#### Short web captions
****************
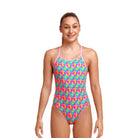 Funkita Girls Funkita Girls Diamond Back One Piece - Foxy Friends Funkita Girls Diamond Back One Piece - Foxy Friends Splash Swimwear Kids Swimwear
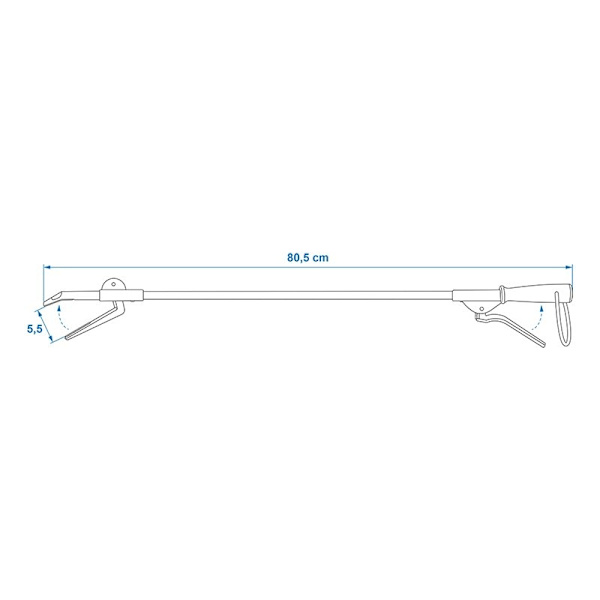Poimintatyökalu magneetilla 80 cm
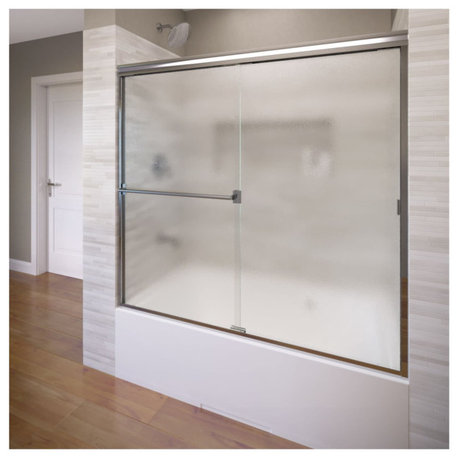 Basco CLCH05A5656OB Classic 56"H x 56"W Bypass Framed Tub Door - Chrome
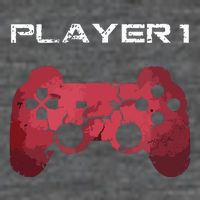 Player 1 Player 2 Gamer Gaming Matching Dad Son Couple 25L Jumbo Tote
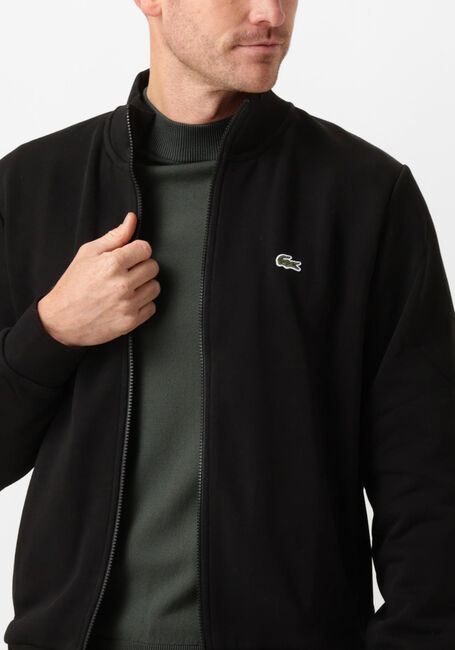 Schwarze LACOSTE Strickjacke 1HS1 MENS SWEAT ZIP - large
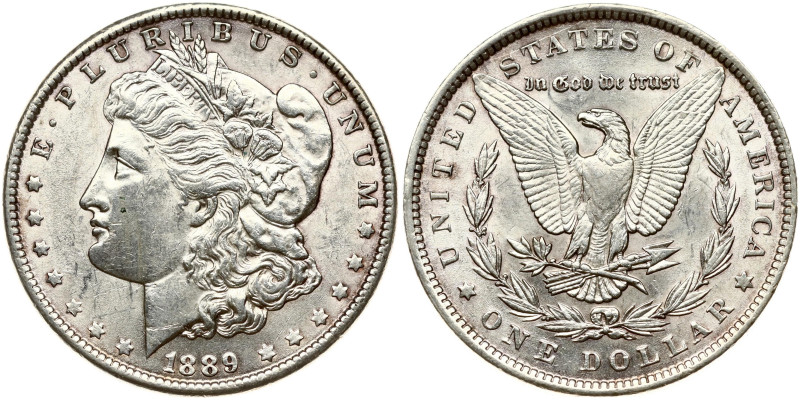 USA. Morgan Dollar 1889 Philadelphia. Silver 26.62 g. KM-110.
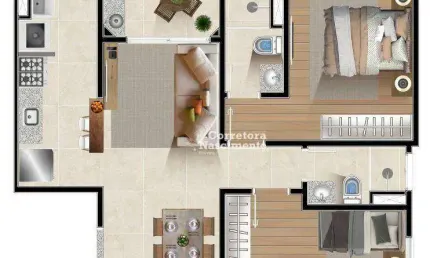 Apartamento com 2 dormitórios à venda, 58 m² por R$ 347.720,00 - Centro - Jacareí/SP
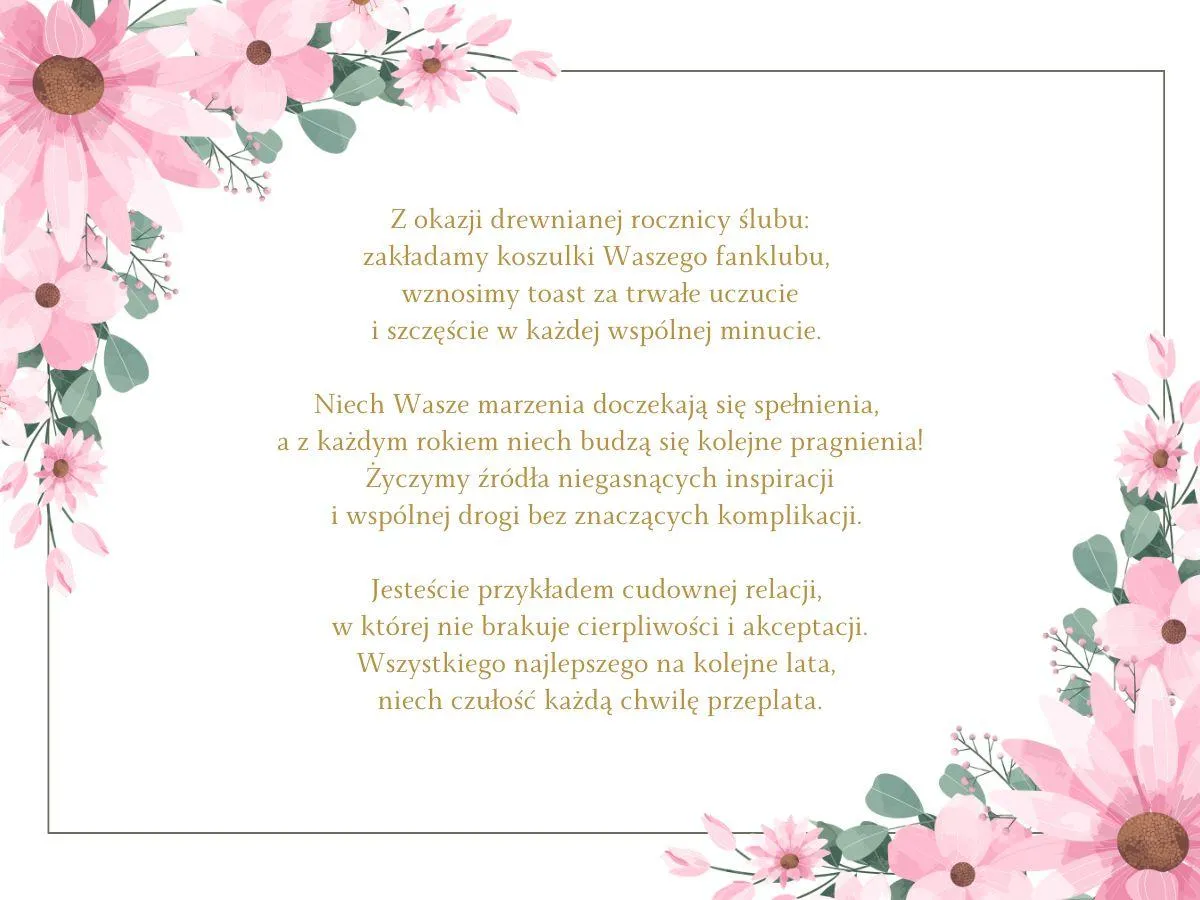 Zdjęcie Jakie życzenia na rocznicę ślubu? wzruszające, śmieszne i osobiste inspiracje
****************
#### Exercise objective
Only the lines from the one with "Apartamento com 2" through the final line of the entries above are to be repeated, exactly as written and without pictures.

#### Answer area
 Apartamento com 2 dormitórios à venda, 58 m² por R$ 347.720,00 - Centro - Jacareí/SP
 Zdjęcie Jakie życzenia na rocznicę ślubu? wzruszające, śmieszne i osobiste inspiracje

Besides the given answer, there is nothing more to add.